Given that it was displayed in late 1893, Don’t Make a Move! almost certainly points to the severe financial panic and depression that began in January of that year. With a paper currency based on a bimetal standard and the general public’s anxiety over the continuance of deflation dating from the Civil War, the gold reserve of the United States Treasury fell below the legal limit, and, in response, the government stopped producing gold certificates. As the situation worsened, some American banks refused to pay cash for the checks of their own depositors or treated their depositors unequally. Hundreds of businesses and banks failed. At the time, one popular explanation was that British and eastern United States bankers were conspiring to force Congress to adopt a single gold standard, thereby increasing the value of the gold supply that they controlled. The economy did not recover until June 1894, and even this relief was followed within about a year by an economic recession.7
To be sure, not all of Dubreuil’s oil paintings were iconographically complex allegories; most were more salable images that showcased his ability to simulate reality in such a way as to fool the viewer. His painted illusions are particularly effective when the subject is a still life — a few dollar bills, a lithographic print, or a carte de visite, such as the one he copied of Grover Cleveland (White House Collection), probably while Cleveland was still president. But Dubreuil was too inventive to limit himself to meticulous copying for its own sake. The artist’s casks of currency, which he produced in a series of at least eight, are imaginary creations that appeal in a humorous way, calling attention to human greed. They also could be used, seemingly without his consent, as an irresistible lure in a saloon scam.8
Concerning the unscrupulous use of these images, we have the testimony of a young bookkeeper, William Applegate. In September 1894 he appeared as a witness before a New York State Senate committee charged with investigating New York City police corruption. Under oath, he described the activities of William Roach, perhaps Dubreuil’s greatest patron and the owner of the saloon in which the artist’s pictures appeared. According to Applegate, “Jimmy” McNally, a gang leader and opium addict from Jersey City, moved into the apartment above Roach’s saloon in January 1893 and began a “green goods” scam or “boodle game” involving Applegate and Roach. The victims made appointments with Roach to meet at the saloon and buy bags of “genuine” counterfeit currency, supposedly printed from stolen engraving plates. With “steerers” egging them on and treating them to liquor, the victims were shown real money (new bills supplied by Roach) as samples of what they were purchasing to convince them of the quality of the counterfeit bills. Then the bag containing the real money was switched with one containing sawdust or its equivalent as the victim turned to argue over the price. In a later version of the scheme a locked box was involved, and the victims were given a wrong key to delay discovery of the contents.

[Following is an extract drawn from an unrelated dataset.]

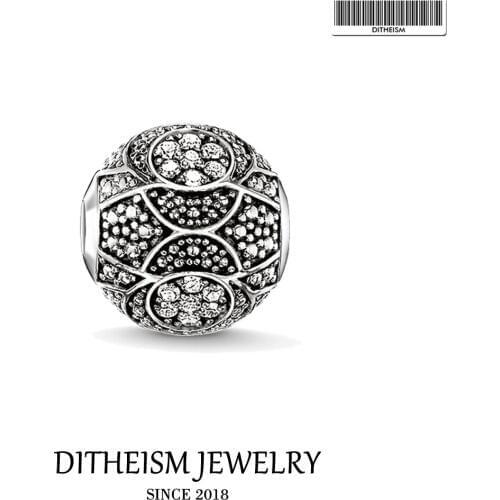 DIY Beads Black Crushed Charm 5mm Hole,2018 Fashion Silver Jewelry Trendy Gift For Women Men Boy Girl Fit Bracelets Necklace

What made the ruse particularly successful was that the dupes could not report it to the police without incriminating themselves as purchasers of counterfeit money.9
As Applegate explained, McNally was a lavish spender, “and to please him Roach had hired an artist to paint pictures of gold bricks, wads of greenbacks, bills of large denominations and the like”. These were placed in conspicuous parts of the room and were “meant to impress visiting ‘guys’ with ideas of untold wealth”. The visitors, usually from the countryside, were told that “there was plenty of ‘real stuff’ to be had, the same as portrayed in the pictures”. The real stuff would have been printed from the reused plates. On another occasion, Applegate testified that Roach and McNally were “the best of friends. They found a painter between them, and he made a lot of pictures of money, just like what we had in the bank roll, and they used to excite the greed of the victims by telling them that that was like the money they was going to buy”. The reporter who quoted Applegate added that the pictures that represented thousands of dollars “thrown about promiscuously, still hang on the wall behind Roach’s bar” and inspired not only the green goods victims but also neighborhood pickpockets still at large.10
At least two newspapers carried the saloon story as a relatively minor part of the larger police investigation, but one of them — the New York Herald — annoyed Dubreuil sufficiently that he responded. The Herald journalist, having elaborated on the evil impact of the pictures with regard to pickpockets, concluded that the paintings were “done by an old man who represented a million dollars on canvas three feet square for a fee of twenty dollars or so”. In Dubreuil’s reply to the editor, he wrote: “I painted the pictures referred to but was paid a great deal more than the sum mentioned and never believed, nor do I now believe, the pictures were intended to further any evil purpose. As I am well known on the west side as the painter of these pictures I trust, out of justice to me, you will print the above.” The Herald had condemned the artist by association, without a hearing.11
Dubreuil responded not only in print but also in paint, with one of his most autobiographical pictures. Now called The Eye of the Artist, it apparently dates from sometime between 1895 and 1898. Along with Don’t Make a Move!, this enigmatic still life has been interpreted, partly because of the timing and partly because of the artist’s nationality, as influenced by the 1894 Dreyfus affair in France. The allusion is to a Jewish captain in the French army, Alfred Dreyfus, who — chiefly due to strong anti-Semitic feeling — was misidentified, and then framed, as a German spy. Jews at the time were often associated with profit-making banks, and both robbers in Don’t Make a Move! have what some scholars consider to be caricatured Jewish features — a reading troubled by the fact that these figures were based on Dubreuil and his ex-washerwoman. The argument to date has been that Don’t Make a Move! is an anti-Semitic work about Jewish robber-bankers, and, mostly as the result of this conclusion, the picture with the eye and five-dollar bill has also been seen as having a probable anti-Semitic subtext. But the intrinsic evidence does not support this particular reading.12
The Eye of the Artist has actually never been given a satisfactory interpretation. Since Dubreuil is not known to have supplied the painting’s title, the eye is not necessarily even meant to be that of the artist. This motif — a single eye peering through a hole in two wooden planks with a stamped and addressed envelope and a five-dollar bill pasted nearby — is undeniably eccentric and certainly unique in trompe l’oeil painting.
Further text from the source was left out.